Suudi Arabistan Temmuz ayında ABD başkanı Joe Biden'ı ağırlayacak. 

Biden, Batı Asya bölgesine 13 Temmuz'da ziyaretine başlayacak ve 16 Temmuz'da Suudi Arabistan'da sona erdirecektir. Geçen bir buçuk yılda, Washington ve Riyad arasındaki ilişkiler önceki yıllara kıyasla büyük bir değişim yaşadığı bir sırada bu ziyaret gerçekleştirilmektedir. Eski ABD başkanı Donald Trump döneminde, iç ve dış politikasında geniş hareket özgürlüğüne sahip olan Suudi Arabistan, yeni başkan Joe Biden'ın başkanlığı döneminde açık eleştirileriyle karşı karşıya kalmıştır. 

Bu dönemde  ise eleştirilerin ana noktaları, insan hakları sorunları ve Suudi Arabistan tarafından ve Muhammed bin Salman rolüyle büyük ve yaygın insan hakları ihlalleriydi. Ancak 2022'nin başından itibaren Biden'ın Suudi Arabistan'a ve hatta Bin Salman'a yönelik tavrı giderek değişti ve geçmişten gelen keskin eleştirilerden eser kalmadı. Biden'ın Riyad'a bakış açısını değiştirmesinin ana nedeni Rusya'nın Ukrayna'ya karşı savaşı oldu diyebiliriz.  Ukrayna'daki savaş, küresel petrol fiyatlarında artışa neden oldu ve ABD'yi Suudilerin kapısına oturttu. 

Suudi Arabistan şimdiye kadar Batı'nın petrol üretimini artırma talebine direndi, ancak Biden'ın ses tonu ve tavır değişikliği, Riyad'ın petrolü bir kez daha dış politikasında, hatta ABD'ye karşı bir araç olarak kullanabildiğini gösterdi.

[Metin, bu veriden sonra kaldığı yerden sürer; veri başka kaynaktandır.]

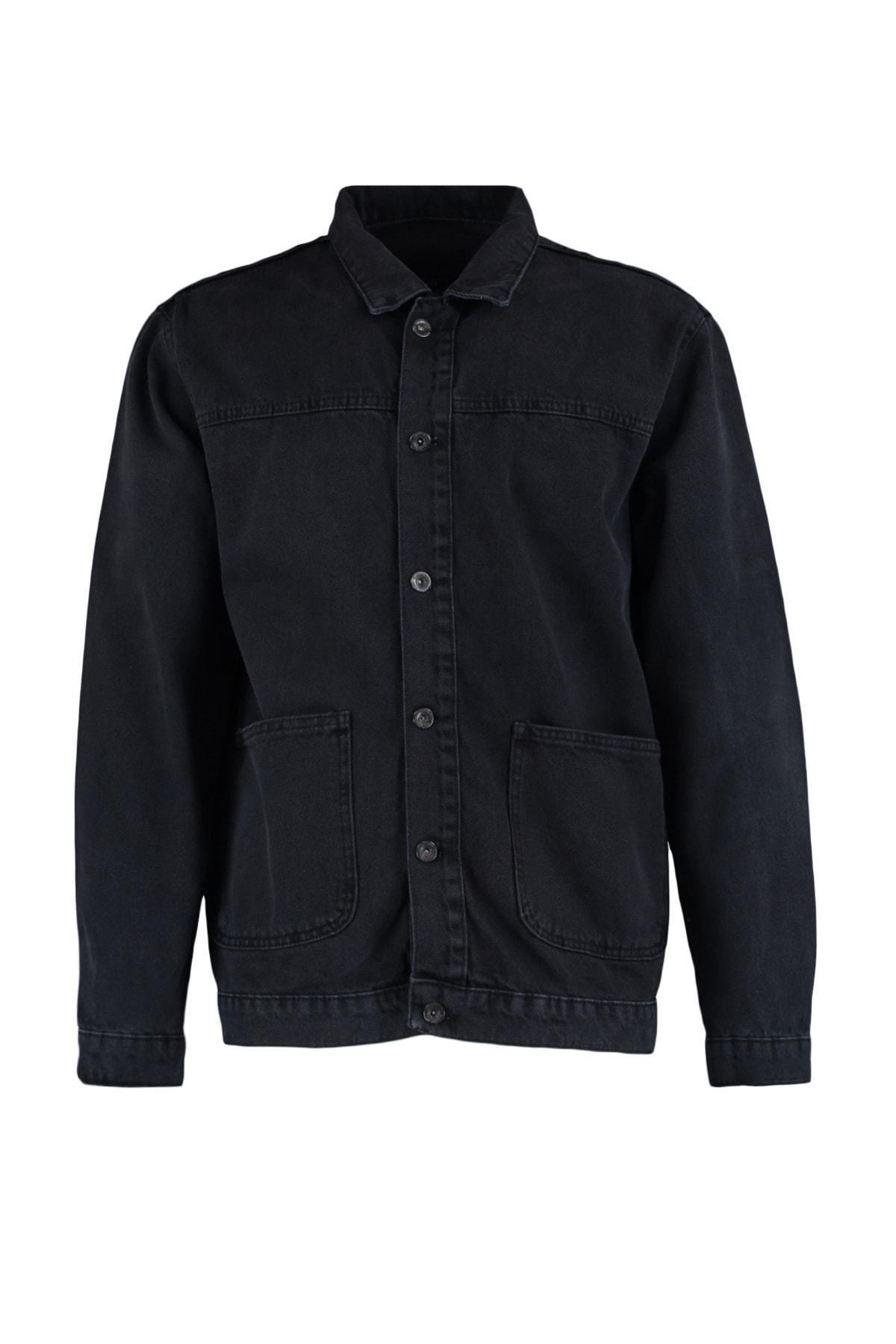 Black Regular Jacket, , large image number 5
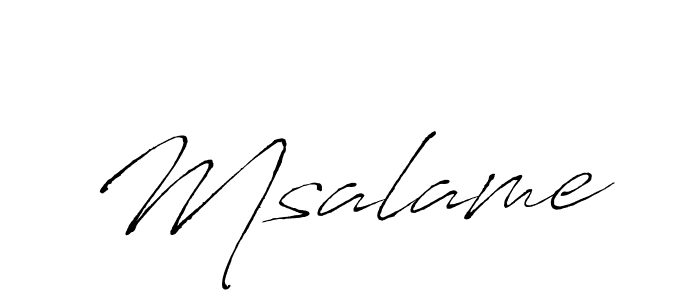 The best way (Antro_Vectra) to make a short signature is to pick only two or three words in your name. The name Msalame include a total of six letters. For converting this name. Msalame signature style 6 images and pictures png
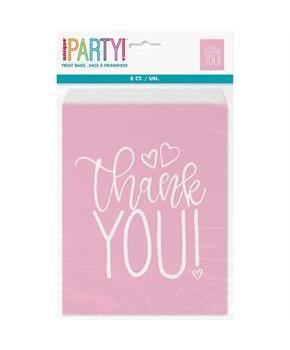 Pink Hearts Baby Favor Bag (8)
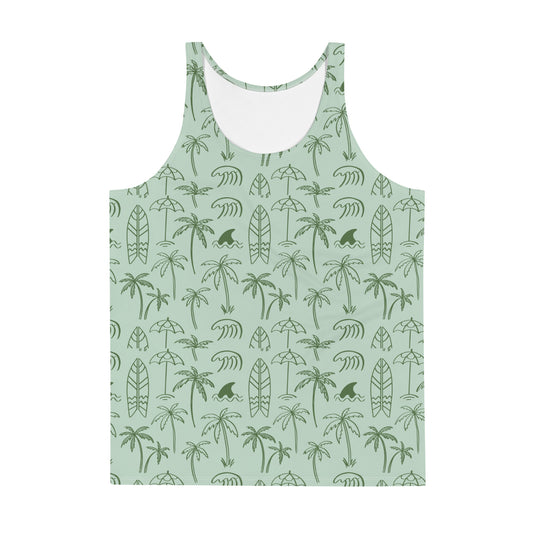 TROPICAL PRINTED TANK TOP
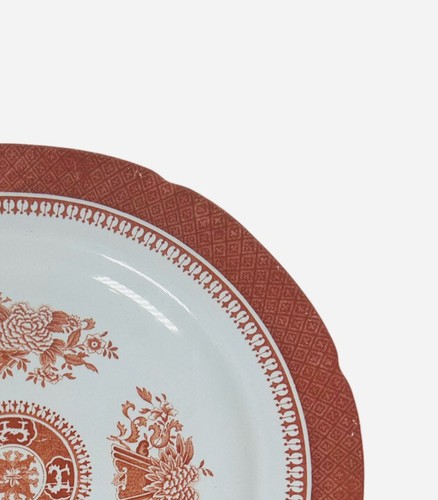Plato de Cena Vintage Copeland Spode Nuevo Piedra Fitzhugh Patrón Rojo 10" - Imagen 5 de 7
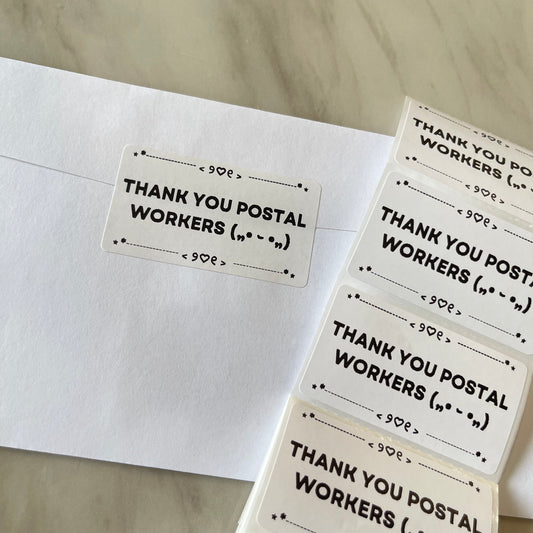 {boutique}  thank you postal workers!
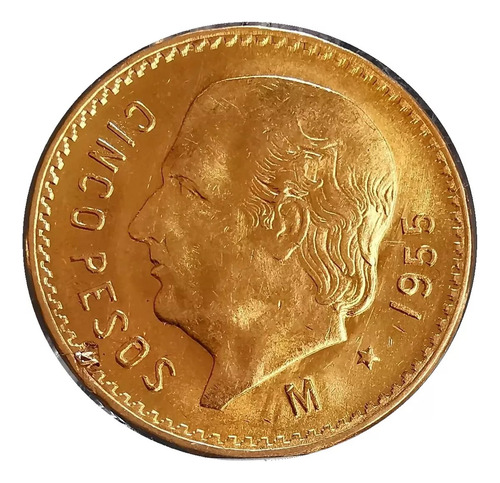 Moneda De Oro 5 Pesos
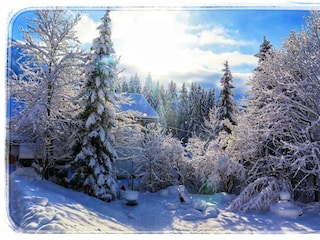Haus Grubbach im Schnee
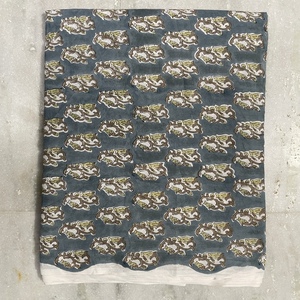 Tela de Algodón Peinado Lisa No Tejida Más Vendida, Cortinas Ligeras Ecológicas, Confección de Vestidos, Flores Hechas a Mano en India para Niños - Product Image 1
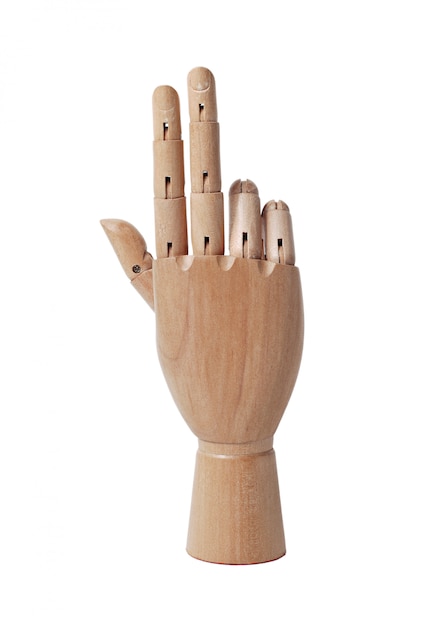 Wooden hand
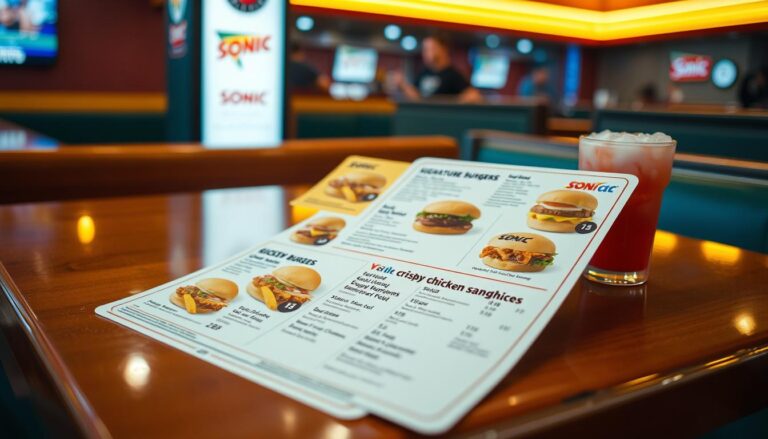 Sonic Menu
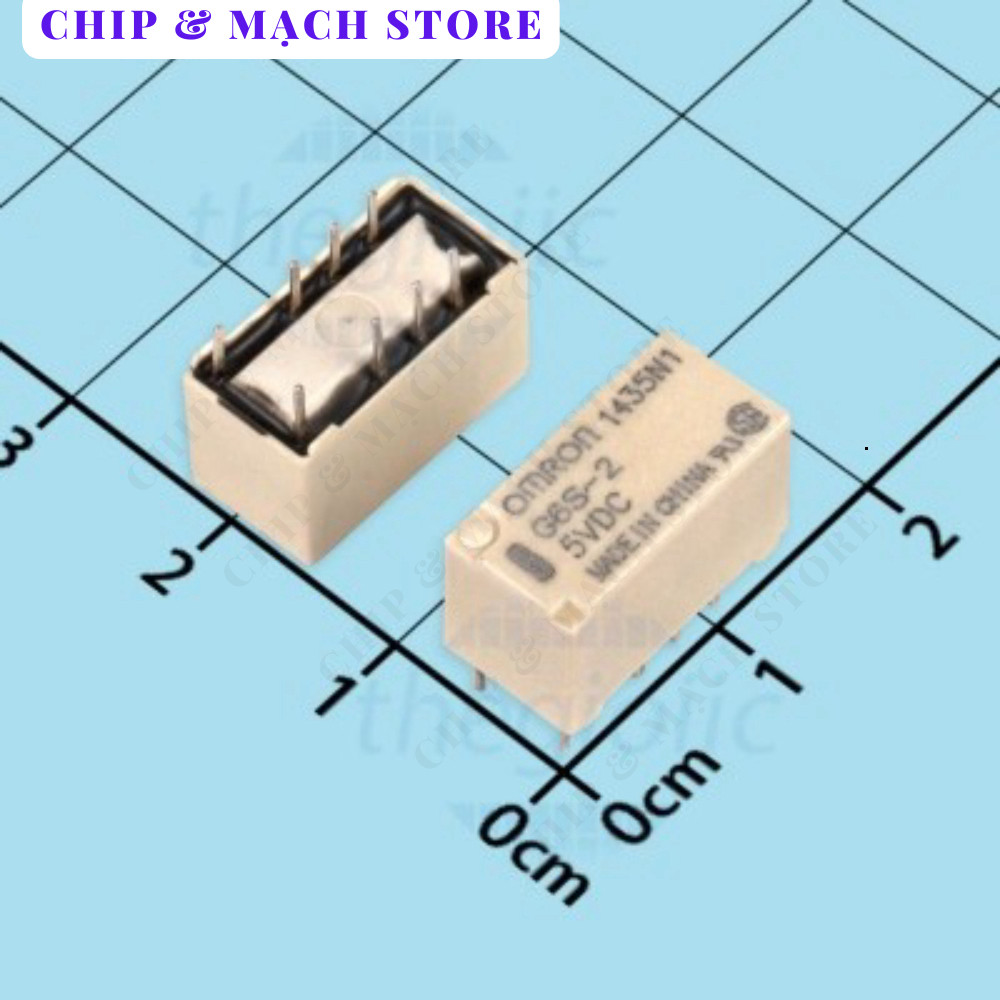 G6S-2-DC5 Rơ Le 5VDC 2A DPDT 8 Chân Chip & Mạch Store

Biden yönetimi petrolün gezisinin odak noktası olmadığı konusunda ısrar etse de ve 12 Haziran'da "Bu gezi çok daha büyük meselelerle ilgili" dese de, Biden'ın Suudi Arabistan ziyaretinin ana nedeni petrol ve petrol krizini yönetme  isteği gibi görünüyor.

Önemli olan nokta Amerikan başkanının ziyaretinin Suudi Arabistan için çok önemli olmasıdır. Suudi Arabistan'ın veliaht prensi Muhammed bin Selman'ın bu ülkenin tahtına oturması için Washington'un desteğine ihtiyacı var. Temel olarak, Fars Körfezi'ndeki Arap ülkelerinde gücün zirvesine ulaşmak ve iktidardaki yöneticilerin hayatta kalması, Amerikan hükümetinin desteğini gerektirir. Bu nedenle Trump döneminde Suudi Arabistan tahtından çok uzak olmayan Bin Salman, Biden'ın iktidara gelmesinden sonra konumunun tehlikede olduğunu gördü çünkü Biden yönetiminin Bin Salman'ın rakiplerini destekleme gündemi ortadaydı. Dolayısıyla ABD başkanı Joe Biden'ın Suudi Arabistan ziyareti ve Muhammed bin Selman ile görüşmesi, Suudi Veliaht Prensi'ne yönelik baskının sona ermesi anlamına geliyor.

 

Bir diğer önemli nokta ise Biden'ın Suudi Arabistan ziyareti, daha önce yaptığı birçok eleştiriye rağmen, Riyad'ın Batı Asya'daki gelişmelerde önemli bir yere sahip olduğunu ve büyük güçlerin dış politikasında da önemli bir konuma sahip olduğunu gösteriyor. Bu durum, Suudi Arabistan'ın Joe Biden'ın gezisini istismar etmesine de neden olabilir. Bu bağlamda, "Dalia Dasa Kai", Foreign Affairs tarafından yayınlanan bir analizde şunları yazdı: "ABD Başkanı Joe Biden başkanlığına başladığında, önceki başkan Trump'ın diktatörlerle yakın ilişki kurma alışkanlığını değiştirmeye çalıştı. Bu bağlamda özellikle de Muhammed bin Salman'ın değiştirilmesi amaçlandı. "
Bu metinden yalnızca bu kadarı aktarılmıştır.